Clyde, further into Central Otago, has one of the most intact nineteenth-century streetscapes in the country. You could be forgiven for thinking cowboys are going to appear round a corner on horseback at any moment. It’s a smaller settlement with a heritage trail of bronze plaques embedded in the pavement guiding you past the boutiques and cafes and deeper into the town past gold mining machinery remnants. This is also the head of the Otago Central Rail Trail and the top or the tail of the Lake Dunstan Trail – cyclists abound!
Cromwell’s old town was partially submerged when Clyde Dam was built and Lake Dunstan was formed and has been carefully preserved on higher ground as the Cromwell Heritage Precinct.

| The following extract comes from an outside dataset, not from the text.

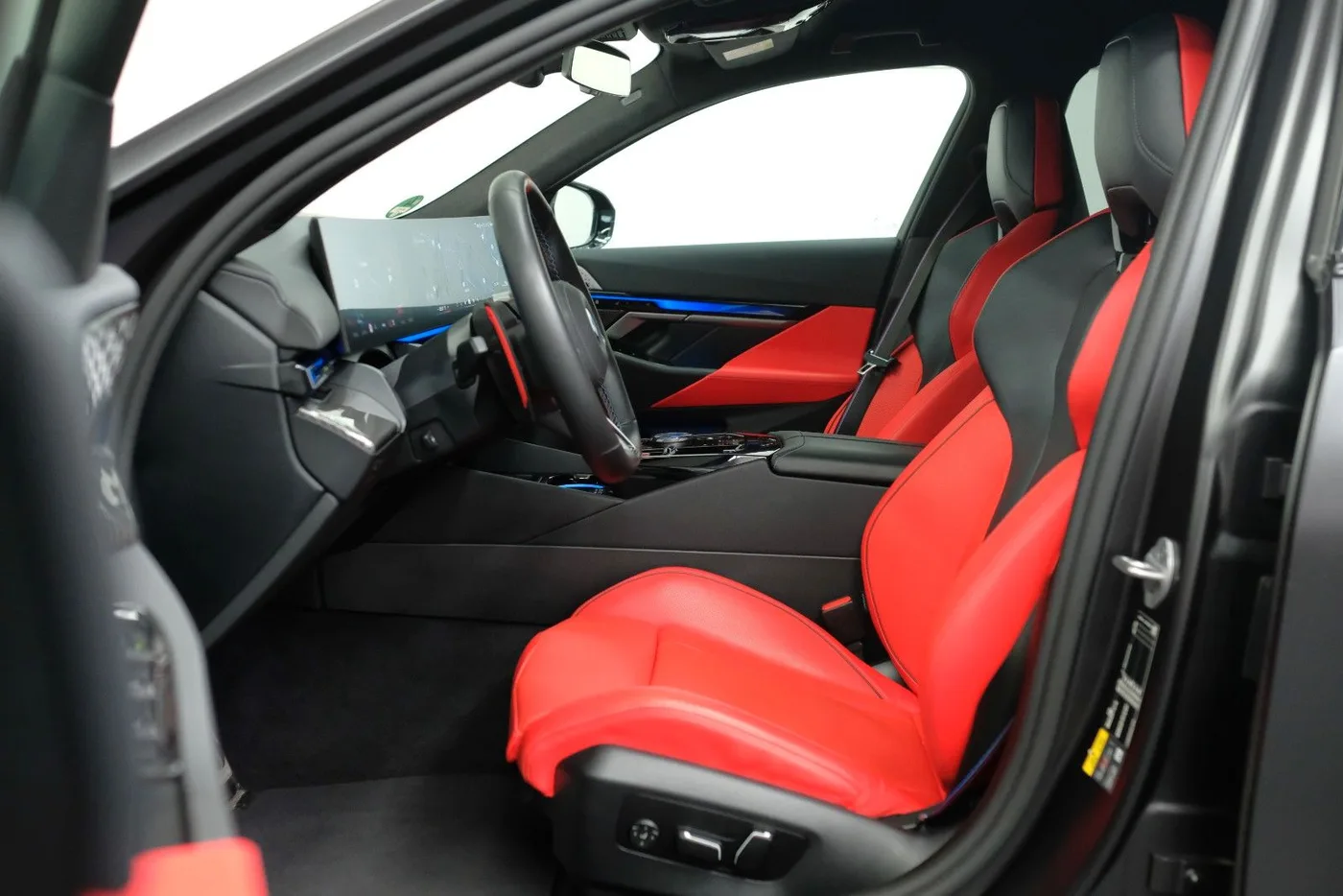 2025 BMW M5 Touring angeboten von einem Fachhändler in Nuremberg, Deutschland, Foto 13 von 15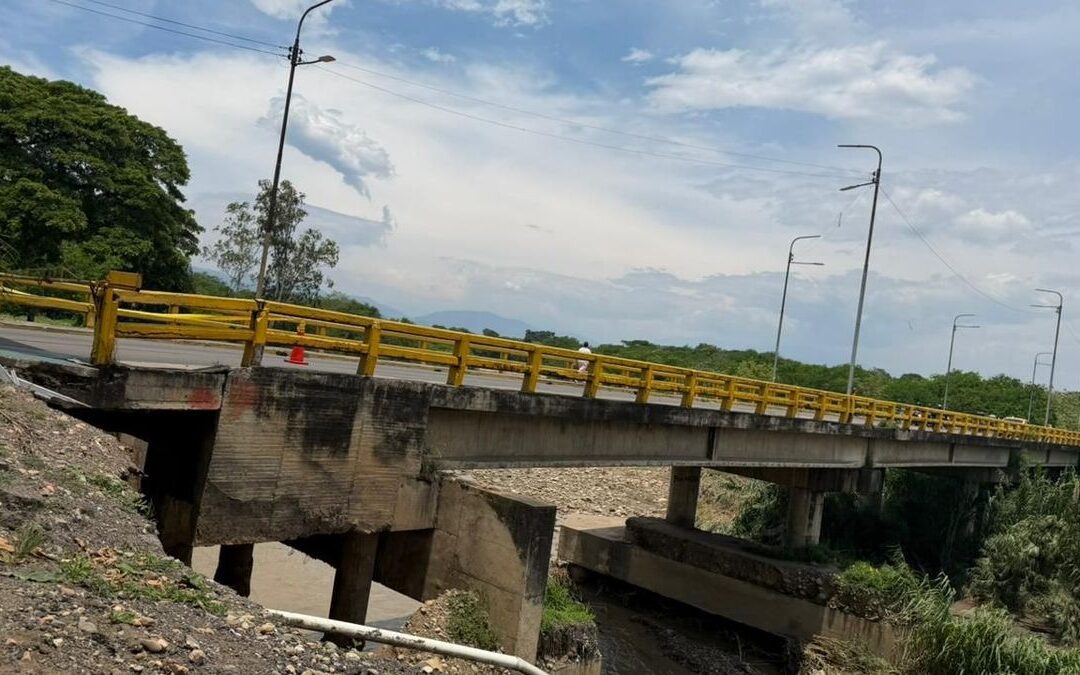 Ordenan el cierre total del puente Internacional Francisco de Paula Santander por fallas estructurales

Stop for the lake-side vista and the site of the Clutha and Kawarau rivers merging as much as for the artisan craftspeople, artists and history-telling that keeps this once-upon-a-time place thriving.
Bendigo, above Lake Dunstan on the eastern side, is largely abandoned now, its stone ruins scattered across dry hillside, and reachable only on foot from the road. But the Bendigo Loop is worth a drive or a wander on foot for a genuinely atmospheric stop for anyone following State Highway 8 towards Tarras and the Lindis Pass. Treat yourself to a glass or a tasting flight at Cloudy Bay’s Central Otago winery if you do!
Why this is worth coming back for
The reasons people come here in the first place, the mountains, the lakes, the wine, the sense of having found somewhere genuinely remote, are also the reasons they keep coming back. A first visit tends to cover Queenstown and the obvious stops along the way. A second or third visit is when Wānaka’s pace starts to make sense, when the Matukituki or the road to Hāwea and Makarora gets explored properly, when a wine trip extends out to Alexandra. Maybe Bendigo’s ruins or a heli-access river become the point of a later trip rather than an afterthought.
The Southern Way works as a loop you complete once or a route you work you way along piece by piece because it’s genuinely worthy of slow travel. Our part of it works better as a place you return to, each time going a little further off the main road than you did before.